Department of Radiology, Changshu No.2 People's Hospital, The Affiliated Changshu Hospital of Nantong University, Changshu, Jiangsu, China.
Transl Oncol. 2025 Feb;52:102281. doi: 10.1016/j.tranon.2025.102281. Epub 2025 Jan 11.
Accurate estimation of recurrence risk for cervical cancer plays a pivot role in making individualized treatment plans. We aimed to develop and externally validate an end-to-end deep learning model for predicting recurrence risk in cervical cancer patients following surgery by using multiparametric MRI images.
The clinicopathologic data and multiparametric MRI images of 406 cervical cancer patients from three institutions were collected. We designed a novel deep learning model called "ConvXGB" for predicting recurrence risk by combining the convolutional neural network (CNN) and eXtreme Gradient Boost (XGBoost). The predictive performance of the ConvXGB model was evaluated using time-dependent area under curve (AUC), compared with the deep learning radio-clinical model, clinical model, conventional radiomics nomogram and an existing histology-specific tool. The potential of the ConvXGB model in predicting the recurrence-free survival (RFS) and overall survival (OS) was assessed.
The ConvXGB model outperformed other models in predicting recurrence risk, with AUCs for 1 and 3 year-RFS of 0.872(95% CI, 0.857-0.906) and 0.882(95% CI, 0.860-0.904) respectively in the test cohort. This model showed better discrimination, calibration and clinical utility. Grad-CAM analysis was adopted to help clinicians better understand the predictive results. Moreover, Kaplan-Meier survival analysis revealed that patients who were stratified into high-risk group by the ConvXGB model were significantly susceptible to higher cumulative recurrence risk rates and worse outcome.

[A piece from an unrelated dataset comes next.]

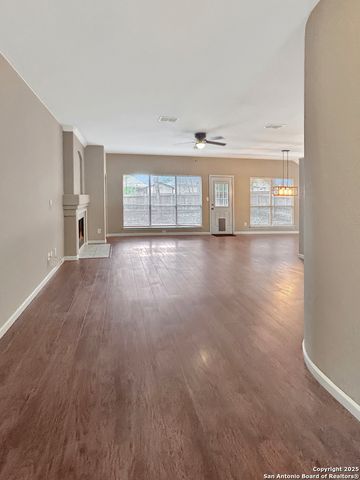 2817 BERRY TRCE, Schertz, TX 78154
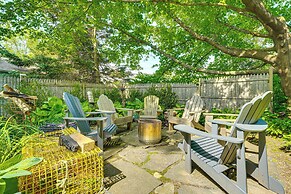 Charming Cottage w/ Patio, Walk to Boothbay Harbor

The ConvXGB model allowed for predicting postoperative recurrence risk in cervical cancer patients and for stratifying the risk of RFS and OS.

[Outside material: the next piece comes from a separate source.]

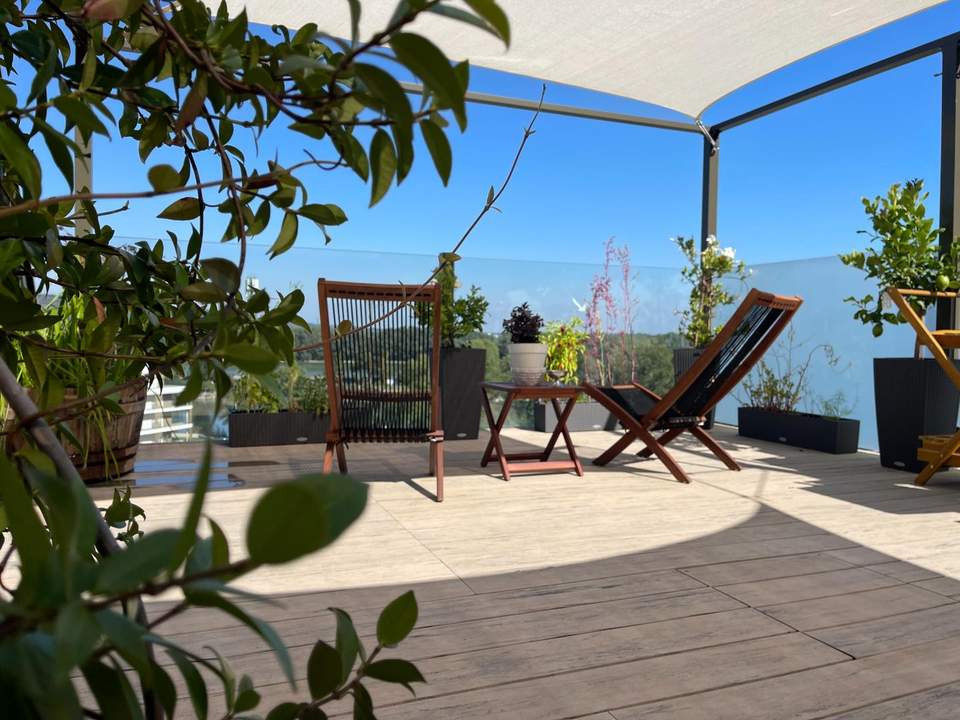 Time out am Wasser: Schwimmen. Radfahren. Laufen,.. 107m2 mit Rooftop 36m2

准确估计宫颈癌复发风险在制定个体化治疗方案中起着关键作用。我们旨在开发并外部验证一种端到端深度学习模型,通过多参数MRI图像预测宫颈癌患者术后的复发风险。
收集了来自三个机构的406例宫颈癌患者的临床病理数据和多参数MRI图像。我们设计了一种名为“ConvXGB”的新型深度学习模型,通过结合卷积神经网络(CNN)和极端梯度提升(XGBoost)来预测复发风险。与深度学习放射临床模型、临床模型、传统放射组学列线图和现有的组织学特异性工具相比,使用时间依赖性曲线下面积(AUC)评估ConvXGB模型的预测性能。评估了ConvXGB模型在预测无复发生存期(RFS)和总生存期(OS)方面的潜力。
ConvXGB模型在预测复发风险方面优于其他模型,在测试队列中,1年和3年RFS的AUC分别为0.872(95%CI,0.857 - 0.906)和0.882(95%CI,0.860 - 0.904)。该模型显示出更好的辨别力、校准度和临床实用性。采用Grad-CAM分析帮助临床医生更好地理解预测结果。此外,Kaplan-Meier生存分析显示,被ConvXGB模型分层为高风险组的患者明显更容易出现更高的累积复发风险率和更差的预后。
ConvXGB模型能够预测宫颈癌患者术后的复发风险,并对RFS和OS风险进行分层。